Hace poco me asaltó un pensamiento perturbador, que implica un cuestionamiento inquietante: en tiempos recientes ¿no ha habido acaso un lento pero perceptible cambio en el énfasis y la perspectiva de los cristianos, especialmente en los países occidentales, en el sentido de que han dejado de confiar en la palabra y el mensaje de los profetas, para depender de las interpretaciones y la comprensión de los teólogos?

Durante los tiempos bíblicos, y desde entonces, los teólogos han hecho su parte, pero la tarea y la influencia de la teología y de los teólogos, tal como la conocemos hoy, es algo relativamente nuevo y característico de la iglesia cristiana.

Al seguir esta línea de pensamiento, acabé encontrando algunas implicaciones que atañen a mi fe personal, a la iglesia, a mi llamado e identidad como ministro de Cristo. Una de esas consideraciones es que el profeta recibe, fundamentalmente, el contenido de su mensaje y la autoridad para proclamarlo directamente de Dios, mientras que el teólogo toma ese mensaje y, por medio de un proceso objetivo de estudio racional y de diálogo, lo interpreta y lo procesa a fin de que tenga sentido para sí mismo y para su audiencia.

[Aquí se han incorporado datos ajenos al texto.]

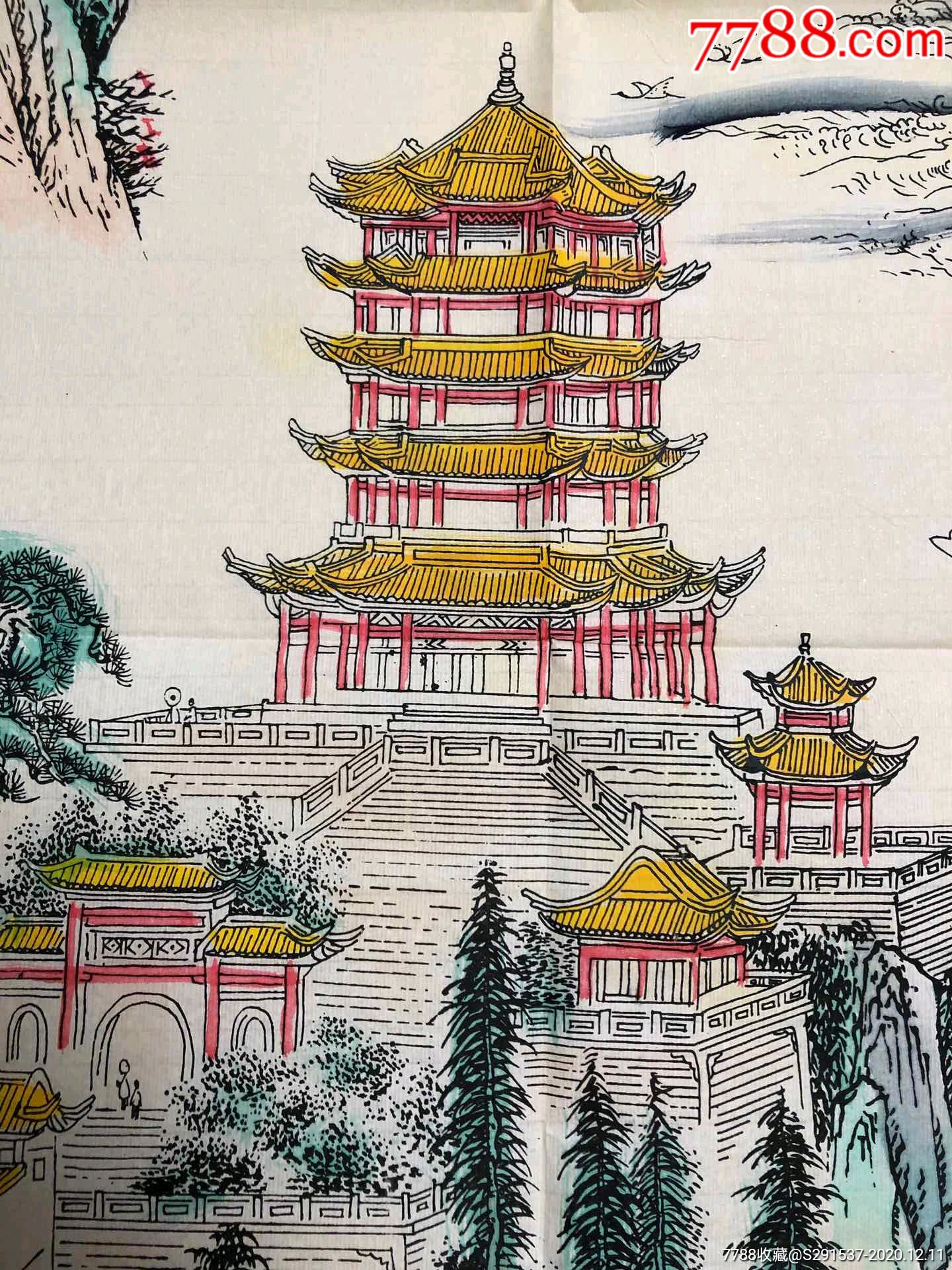 首页 零售 山水国画原作 >> 回流旧画黄鹤楼图【村西张老财】滚动鼠标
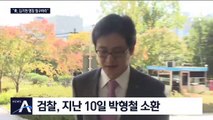 “김기현 압수수색 영장에 ‘청와대 입김’ 의심”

Tengo un profundo y genuino respeto por la tarea y el papel de los teólogos; pero si la definición o la comparación entre el profeta y el teólogo que hemos hecho más arriba es acertada, suscita algunas inquietantes preguntas.

Por ejemplo, la forma en que hemos desarrollado la teología en la iglesia últimamente, ¿nos ha llevado a descuidar, desvalorizar, minimizar o poner bajo sospecha la trascendente voz profética que encontramos en el mensaje de Cristo? ¿Demos llegado al punto en el que la voz teológica ha acallado la voz profética y en el que nuestros oídos están más predispuestos a escuchar la interpretación teológica y darle relevancia al proceso teológico, mientras que rehusamos oír la voz profética?

Permítanme tratar de aclarar un poco esta argumentación: todo aquel que haya abrazado la fe bíblica sabe que los mensajes de la Biblia trascienden lo que expresan las meras palabras utilizadas para transmitirlo. La mayoría de nosotros acepta de buen grado que la captación del mensaje bíblico implica mucho más que una simple comprensión mental del asunto; aceptamos el hecho de que la Biblia es más que un puñado de instrucciones que se pueden captar mentalmente y aprender para ponerlas en práctica.

Cuando escuchamos un gran poema, por ejemplo, podemos oír y literalmente sentir que esas palabras están llenas de una evocación casi mágica, de significados que van más allá del simple ordenamiento inteligente de las palabras; esas mismas palabras no pueden usarse de manera meramente racional y vulgar, y seguir aún conservando la capacidad de conmovernos, como lo hacen por medio del alma y la pluma del poeta. La palabra acertada no sólo nos tocará racionalmente, sino también alcanzará nuestro corazón y llegará a aspectos de nuestro consciente y nuestro inconsciente que la misma línea de pensamiento no podría alcanzar si se la expresara en el lenguaje común, cotidiano.

Cuando encontramos verdades proféticas de significado trascendente, verificamos que hay en ellas una dimensión más profunda, que no es otra cosa sino la presencia del Espíritu Santo. Aquí nace, en verdad, el uso que hacemos de la palabra inspiración en su sentido particularmente bíblico.

Cuando sólo hacemos teología al estudiar el contenido de la Biblia existe, sin duda, la posibilidad de limitar radicalmente el contenido trascendente del mensaje bíblico a algo que nos entusiasme mentalmente, pero que puede disminuir o eliminar nuestra capacidad de oír más allá de lo intelectual, en las profundidades del corazón, donde realmente pueden ocurrir los cambios que esperamos que sucedan.

El desafío que enfrenta todo pastor consiste, exactamente, en conciliar lo trascendente con lo racional. Permitir que el profeta que vive dentro de nosotros le hable al teólogo que también está allí, y que el teólogo a su vez informe al profeta, dará como resultado un ministerio verdaderamente eficaz, dotado del poder que tanto deseamos ver ahora en el ministerio adventista. Alcanzar ese ideal significa conocer y encontrar a nuestro Señor en una dimensión que tal vez todavía no hayamos logrado, y llenarnos del Espíritu Santo, tal como los discípulos de Jesús lo estaban.